Ben Nevis Distillery (Fort William)
An arm of Nikka Whisky Distilling Co.
The washbacks are wooden and, more significantly, brewer’s yeast is used, making this the last distillery in Scotland to insist on this old way of inducing fermentation. Distillation is slow and steady, giving a rich, deep distillate which matures well in ex-Sherry casks where a ripe, chewy texture is produced.
It was in 1825 that ‘Long’ John Macdonald took out a licence for his Ben Nevis distillery on the outskirts of Fort William and close to Britain’s highest mountain. His son Peter took up the reins soon after and built a significant business. By the end of the 19th century, when blended Scotch was becoming the fashion, Long John’s Dew of Ben Nevis was a successful single malt brand.
Such was the popularity of the MacDonald’s whisky that Peter built a second distillery, ‘Nevis’, which ran in tandem with the original unit. At one point, over 200 people were employed in this virtual whisky city.
This golden age was not to last. In 1908 Nevis closed and its sister plant operated intermittently until 1941 when the colourful Canadian entrepreneur (and former bootlegger) Joseph Hobbs bought the firm. The Long John brand name had already been sold to Seager Evans, and Hobbs sold off the former Nevis site to Associated Scottish Distilleries. Closed during WWII, Hobbs restarted production in 1955 when he installed a Coffey still. He then started to blend his malt and grain together before maturing.
The distillery fell silent in 1978, but production started again, along with much needed refurbishment, in 1981 when it was bought, appropriately enough, by Long John International – by then the whisky division of the brewer Whitbread. In 1989, Long John sold it to the Japanese distiller Nikka which had been buying malt and grain from the distillery for a number of years.

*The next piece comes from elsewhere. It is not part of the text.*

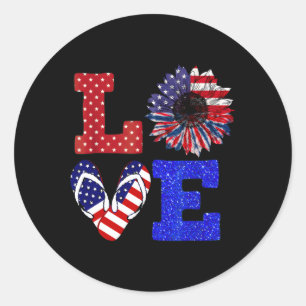 4Th Of July Love Flip Flops Patriotic Usa Flag Classic Round Sticker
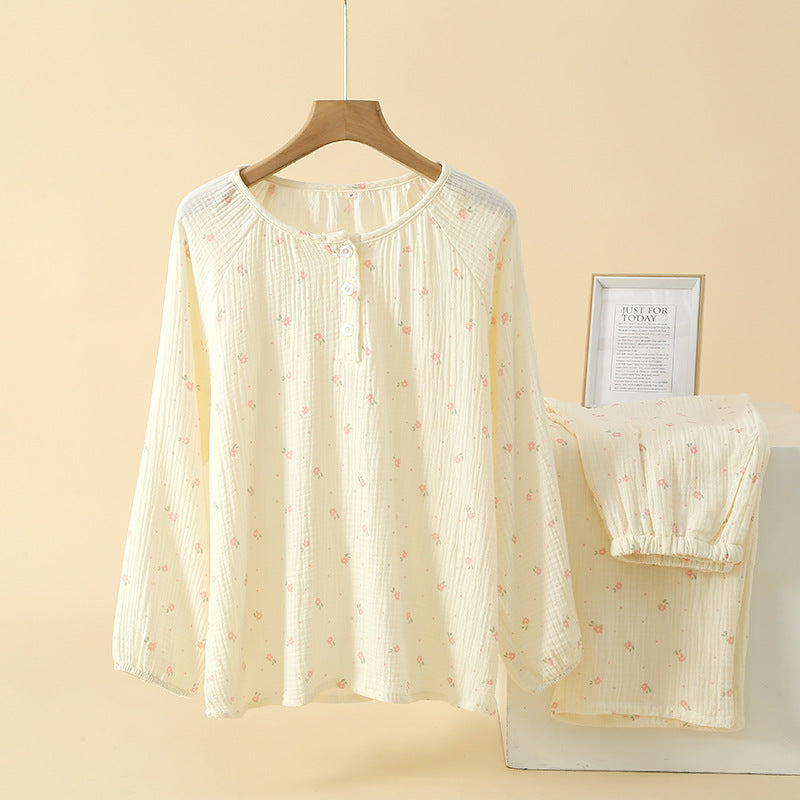 Damen-Pyjama-Set, 100% Baumwolle, langärmelig, süßes Design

Ben Nevis has continued in production and has split its whisky between bulk supplies for Japan, the Dew of Ben Nevis and Macdonalds of Glencoe blends, and single malt bottlings, which start with a 10-year-old expression but in recent years have been extended to include Macdonald’s Traditional Ben Nevis which includes smokier components. Whisky from one of the last ‘Blended At Birth’ casks appeared as a 40-year-old in 2002.